_Task brief_:
Starting with the line that contains "Khaki Retro Baseball", reproduce each line through the end of the listing below, with no other output.

_Task data_:
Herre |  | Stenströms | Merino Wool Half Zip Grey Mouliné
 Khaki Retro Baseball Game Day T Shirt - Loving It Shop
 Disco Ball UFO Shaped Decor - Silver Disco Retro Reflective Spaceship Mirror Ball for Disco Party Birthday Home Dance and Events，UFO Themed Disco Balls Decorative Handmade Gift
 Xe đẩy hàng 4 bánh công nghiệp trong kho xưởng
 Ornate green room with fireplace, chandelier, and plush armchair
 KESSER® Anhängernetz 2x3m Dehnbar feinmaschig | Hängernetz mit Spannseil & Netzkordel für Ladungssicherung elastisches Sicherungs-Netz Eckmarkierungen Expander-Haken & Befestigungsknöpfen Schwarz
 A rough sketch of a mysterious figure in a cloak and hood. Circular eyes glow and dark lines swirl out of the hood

_Written response_:
 Khaki Retro Baseball Game Day T Shirt - Loving It Shop
 Disco Ball UFO Shaped Decor - Silver Disco Retro Reflective Spaceship Mirror Ball for Disco Party Birthday Home Dance and Events，UFO Themed Disco Balls Decorative Handmade Gift
 Xe đẩy hàng 4 bánh công nghiệp trong kho xưởng
 Ornate green room with fireplace, chandelier, and plush armchair
 KESSER® Anhängernetz 2x3m Dehnbar feinmaschig | Hängernetz mit Spannseil & Netzkordel für Ladungssicherung elastisches Sicherungs-Netz Eckmarkierungen Expander-Haken & Befestigungsknöpfen Schwarz
 A rough sketch of a mysterious figure in a cloak and hood. Circular eyes glow and dark lines swirl out of the hood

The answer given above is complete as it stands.